15. The 80/20 overview
Give me the 80/20 on [TOPIC]: the 20% of the information that provides 80% of the understanding. Plain English, no filler.
16. History-to-present arc
Trace [TOPIC] from its origins to today in 5–8 key turning points. For each: what changed, why it mattered, and what misconception it left behind.
17. Data interpretation guard
Here is a statistic I found: [STATISTIC + SOURCE]. Help me interpret it carefully: what it does and does not show, common misreadings, what context is missing, and what I'd need to know before relying on it.
18. The opposing-expert simulation
Simulate a respectful debate between two well-informed experts who disagree about [TOPIC]. Have each make their 3 strongest points and respond to the other. Then summarize where the genuine uncertainty lies.
19. Literature-style review
Summarize the state of evidence on [QUESTION] the way a review article would: what most studies find, what dissenting studies find, methodological weaknesses on each side, and the honest bottom line including uncertainty.
20. Research session closer
Summarize everything we've established in this conversation as a research memo: findings, confidence level for each, open questions, and recommended next steps. Format for saving to my files.
Category 3: Learning & Teaching (Patterns 21–30)
21. The patient tutor
Act as a patient tutor teaching me [TOPIC] from zero. Start with the big picture in plain English, then check my understanding with one question before going deeper. Never move on until I confirm I've got it.

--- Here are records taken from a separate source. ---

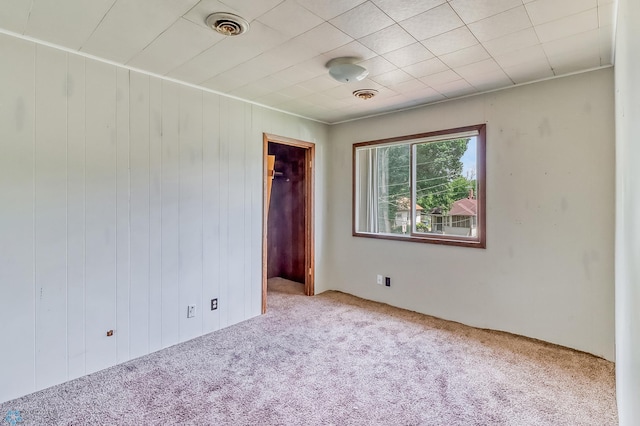 1002 10th St N, Fargo, ND 58102 - empty room with carpet floors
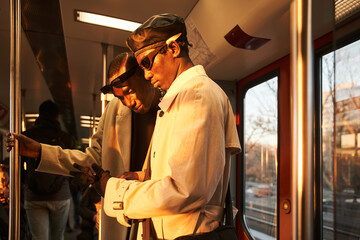 Attractive multiracial men enjoying company of each other while riding in public transport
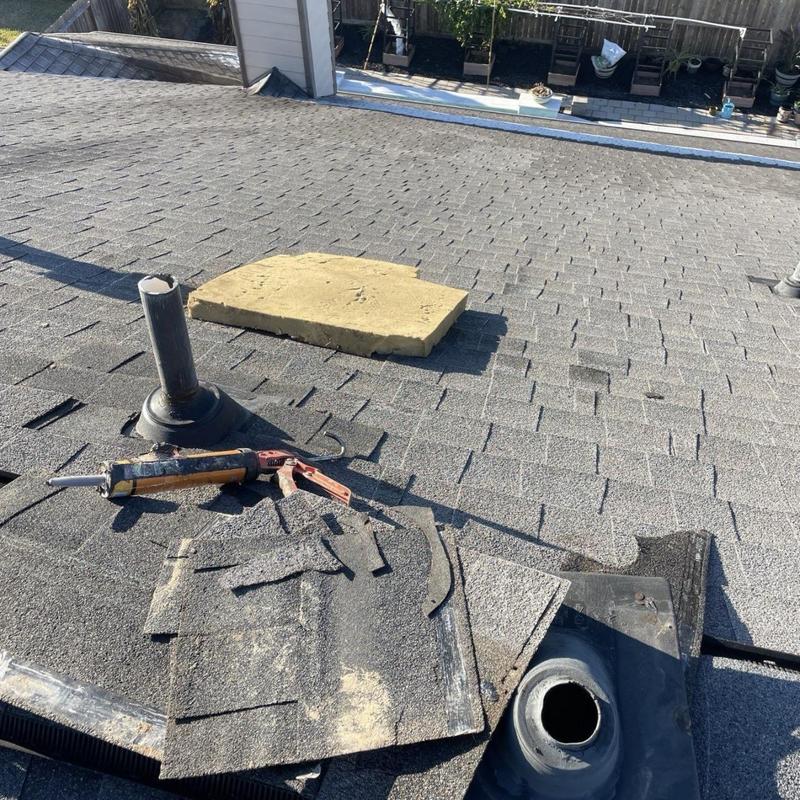 Plumbing pipe boot with removed shingles on roof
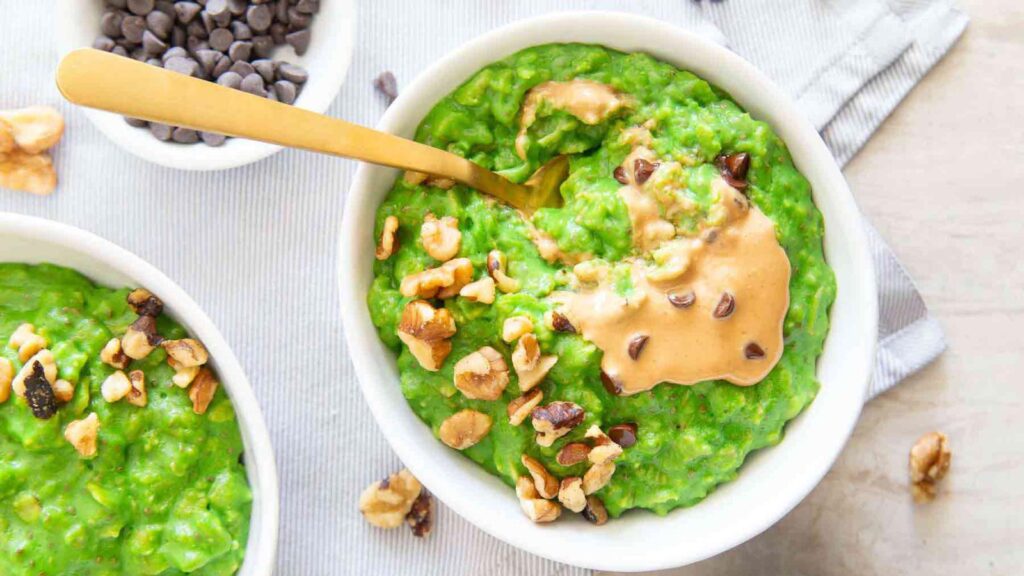 Two white bowls filled with green oatmeal, topped with peanut butter and chopped walnuts.
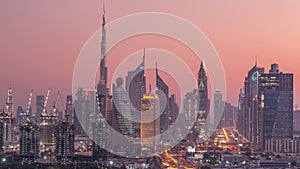 Dubai skyline after sunset with beautiful city center lights and Sheikh Zayed road traffic timelapse, Dubai, United Arab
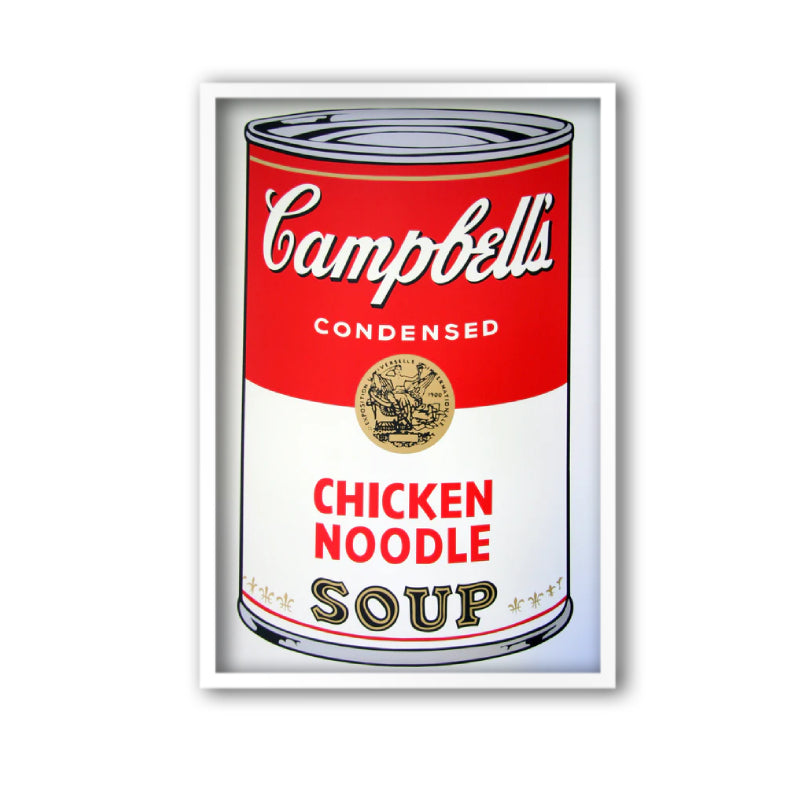 an image of an andy warhol artwork titled 'campbells chicken noodle soup' in a white frame. the image features a cartoon-like, pop art depiction of a soup can, with the text 'Campbell's Condensed CHicken Noodle Soup'. this is a sunday b morning print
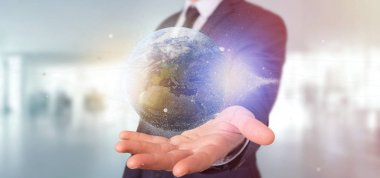 Parçacıklar dünya küre işleme 3d tutan bir işadamı görünümünü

22. Explain like I'm smart but new
Explain [TOPIC] to someone intelligent but completely new to the field. Use analogies to everyday life. Define every technical term the first time you use it.
23. The analogy generator
Explain [CONCEPT] using three different analogies: one from cooking, one from home/household life, one from driving or travel. Then note where each analogy breaks down.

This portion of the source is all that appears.